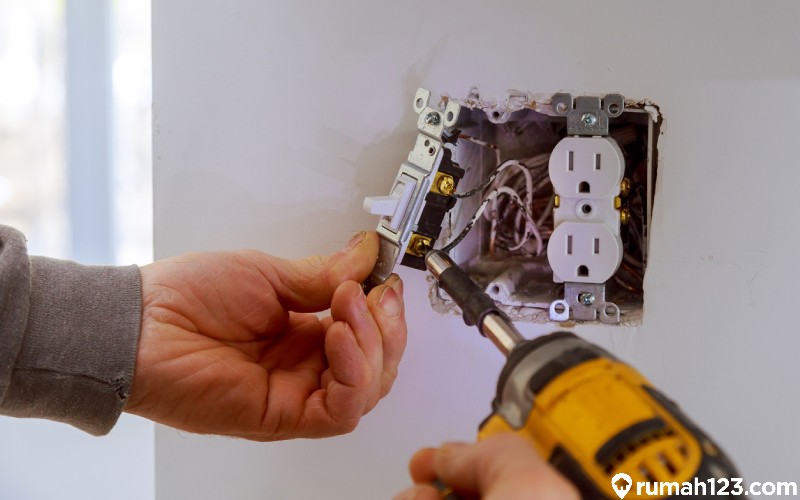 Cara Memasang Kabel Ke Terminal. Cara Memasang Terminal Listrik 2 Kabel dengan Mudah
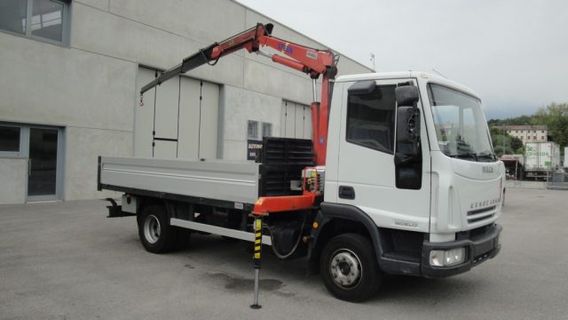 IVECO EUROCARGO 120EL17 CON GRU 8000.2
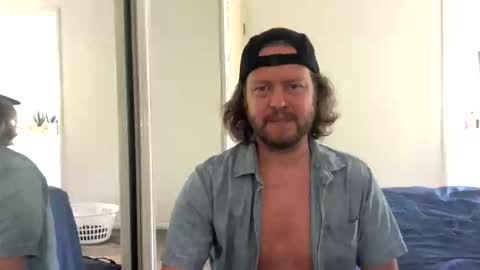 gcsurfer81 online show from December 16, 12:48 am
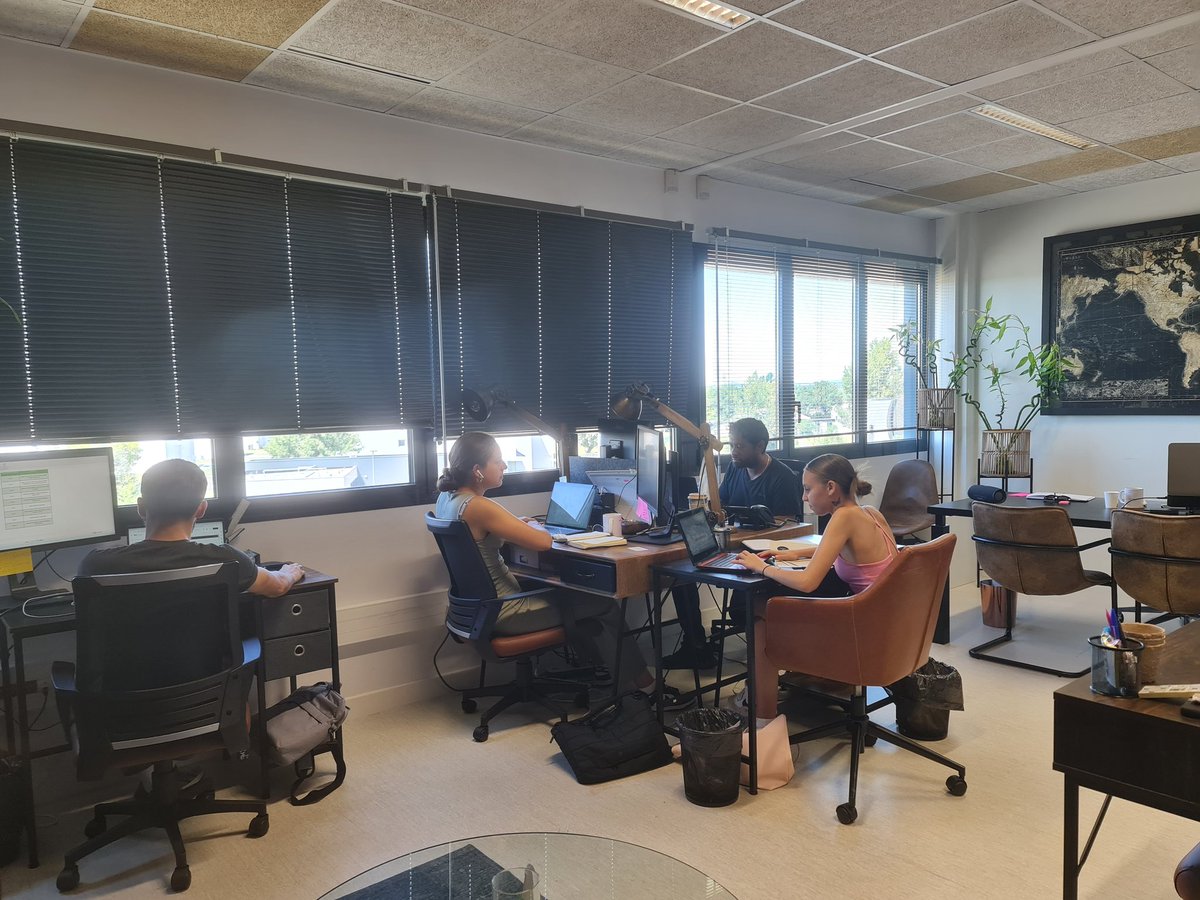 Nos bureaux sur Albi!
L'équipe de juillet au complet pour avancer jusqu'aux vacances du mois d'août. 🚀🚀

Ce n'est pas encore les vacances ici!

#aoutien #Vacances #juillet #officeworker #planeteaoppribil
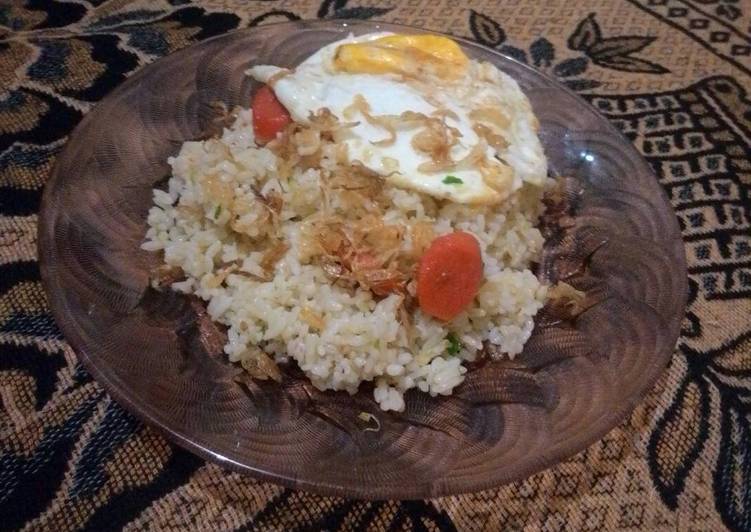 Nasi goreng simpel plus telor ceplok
══════════════════════════════
PROBLEM DESCRIPTION ▸
Word for word, write out the whole listing, keeping none of the pictures.

RESPONSE TO THE TASK ▸
 Cara Memasang Kabel Ke Terminal. Cara Memasang Terminal Listrik 2 Kabel dengan Mudah
 IVECO EUROCARGO 120EL17 CON GRU 8000.2
 gcsurfer81 online show from December 16, 12:48 am
 Nos bureaux sur Albi!
L'équipe de juillet au complet pour avancer jusqu'aux vacances du mois d'août. 🚀🚀

Ce n'est pas encore les vacances ici!

#aoutien #Vacances #juillet #officeworker #planeteaoppribil
 Nasi goreng simpel plus telor ceplok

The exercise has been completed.